We served a delcious meal.  The Elders were filled up (which is hard to do)! They were generous with their words of gratitude!

They left us smiling as they always do!!  We love them! (oops! Elder Mpoyi is missing! Sorry, Elder Mpoyi!)

Posted by PicasaThe last few hours of Christmas Day were just the two of us!! But Christmas is NOT complete without FAMILY!!! Again, thank goodness for technology! That evening, we were able to speak with our Full-time missionary son who is serving in Seattle Washington.  Then we were able to talk with each of our other children and most of our other amazing family members. For us, it was like giving food to two starving people.  Talking to them was nourishing, satisfying and delicious, too! We are thankful for our first very unique African Christmas 2010!

Monday, December 20, 2010

Our 3rd P-Day in Bujumbura!

Bujumbura is really a plant paradise!  With all of the rain and with it's location just three degrees below the equator, as we left on our preparation day activity, I snapped several shots of just beautiful plants.  They are limitless!!!

You never know what you will see here in this city!  So I just took photos along our journey for the day!  I don't know if you can see the sweat down this man's back but those logs were really heavy!

This is a common sight here.  Religious clothing of all kinds are on display.  

When it gets hot, the umbrellas come out.  If you notice, both of the front women have babies tied on them under their penias  (large cloth tied around their middles).  You can see the baby's head easily on the woman on the right.  The woman going the other direction on the left has only a little baby foot showing on her right hip! 

The unemployment rate is extremely high!  Seeing men just sitting around in groups is sadly a common scene!

This woman is hiring a moto-taxi man to take her to a wedding!!!  As you can see, she is all dressed up for the festive occasion!!  These motorcycle taxis are very, very numerous. They weave in and out of traffic so quickly and without restraint.  Elder Frogley says, "They are like flies.  They are everywhere and come out of nowhere!!"

Everything goes on the head!

This woman was just walking by!  Do you see the deep gutter behind her?  These gutters are such a blessing!  They are very deep and catch the huge amounts of water when the skies open up here and drench the land!

This women just walked down from a village to get supplies.  They walk long distances.  You can see another baby!

I missed the woman that should have been in this photo!  But I did catch her goods.  She had spread cut, dried grass first on the ground and then she carefully laid out her little silver fish to dry in the sun!  They sell these little fish in almost every market!  They are eated bones and all!!

This adds new meaning to a head shot!! I had never seen an umbrella held up over the load on their heads before but it makes sense.

At this season, you see young men all over trying to sell their artificial Christmas trees!
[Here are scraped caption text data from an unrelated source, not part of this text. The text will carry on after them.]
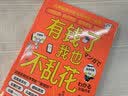 有钱了我也不乱花 儿童理财启蒙书  童书 儿童百科全书 实拍图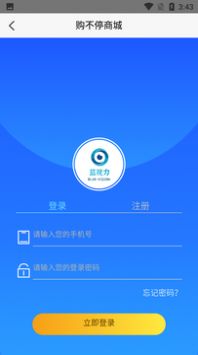 购不停手机软件app截图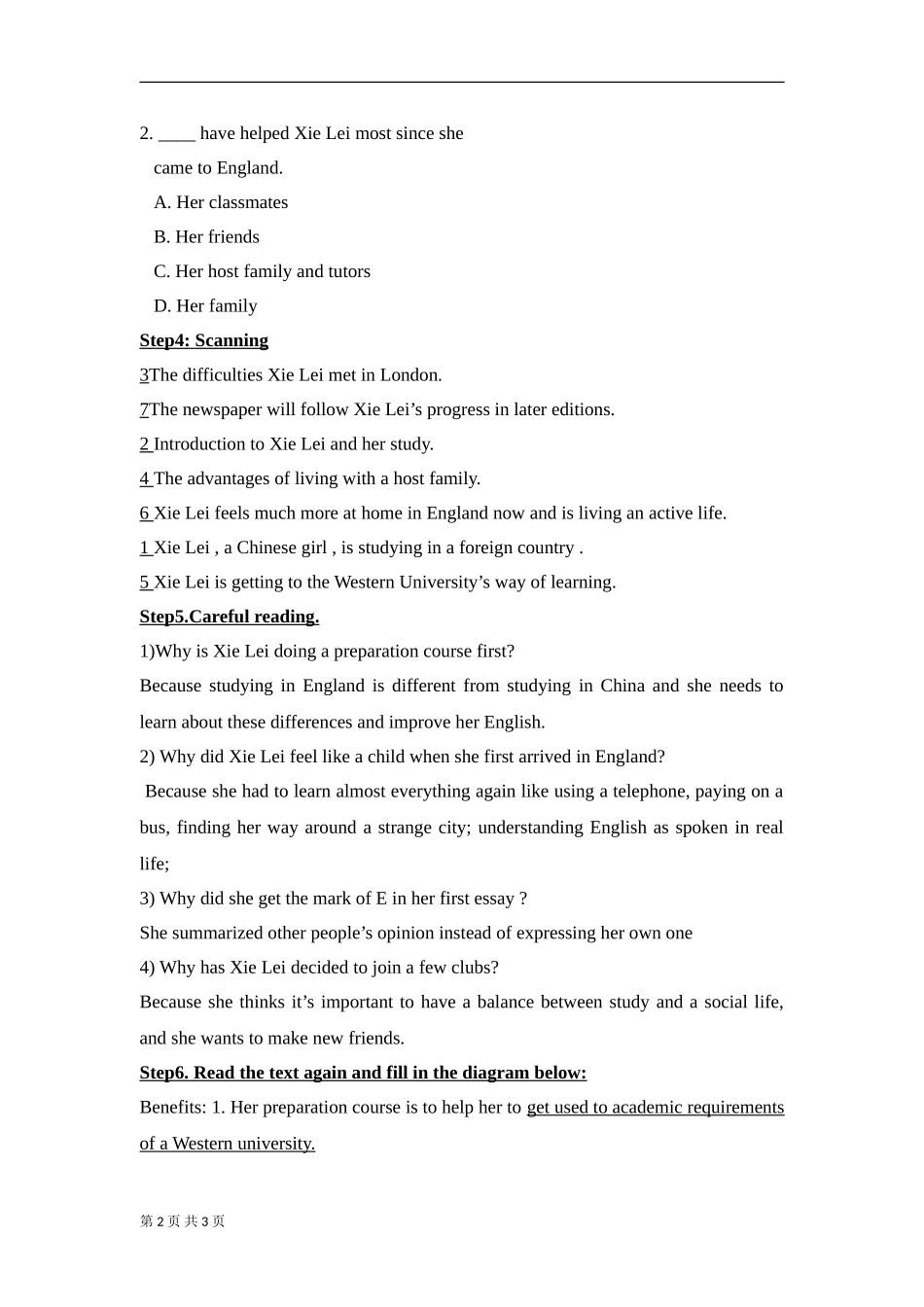 选修七Unit5-Travelling-abroad-Reading_第2页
There are no real ones!! But then, pine trees don't grow here!

Bicyclists are everywhere with their goods.  These two have an entire bedroom set with them!!

Many intersections are very busy like this one! The light blue tricycle had a handicapped woman pedaling with her arms and her two sons (one pushing and one in the yellow shirt riding).    There are many people in need!!
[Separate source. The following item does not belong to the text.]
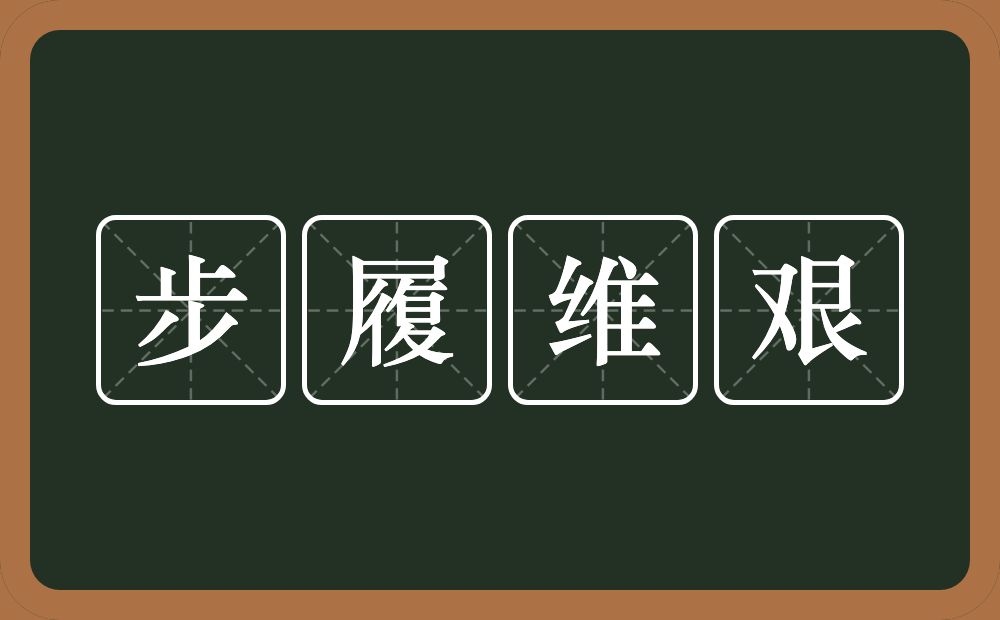 步履维艰的意思？步履维艰是什么意思？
As the day got hotter, more umbrellas came out!!

We finally arrived for lunch at the Hotel du Lac ( Lake) Tanganyika

These are not plastic!!  These are the actual blossoms that are over a foot long!!
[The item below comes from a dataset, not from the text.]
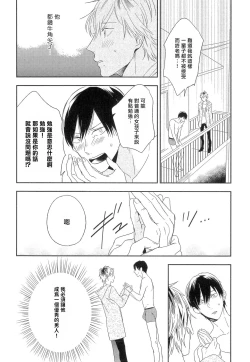 Page 21 of Itoshi no Centimeter | 爱情的长度 Ch. 1-2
This photo I took right from our table in the outside restaurant!  Beautiful setting!  You can see Lake Tanganyika in the background and then the two crowned-crains on the grassy area. The sandy beach surrounds the area. Can you see what an oasis this is to come to?

The Crowned Crains came right up to where we were, looking for food, of course!  But they kept their distance and did not disturb us.  Well-mannered! They are the National Bird of Burundi!

This was a big splurge of a lunch to celebrate my birthday!! Thanks, Honey!!

We were also celebrating the 41st Wedding Anniversary of Elder and Sister Jameson!!

After we enjoyed lunch, we walked out on the beach to enjoy the surf!  It was breezy and it felt wonderful!! 

Relief from the heat and humidity is always a blessing!!!

Elder Frogley even rolled up his pant legs to wade out just as a fisherman came by! The fishermen's main catches of this lake are Sangala and El Capitan.  Our stay for a couple of hours made us feel like we were on some remote island!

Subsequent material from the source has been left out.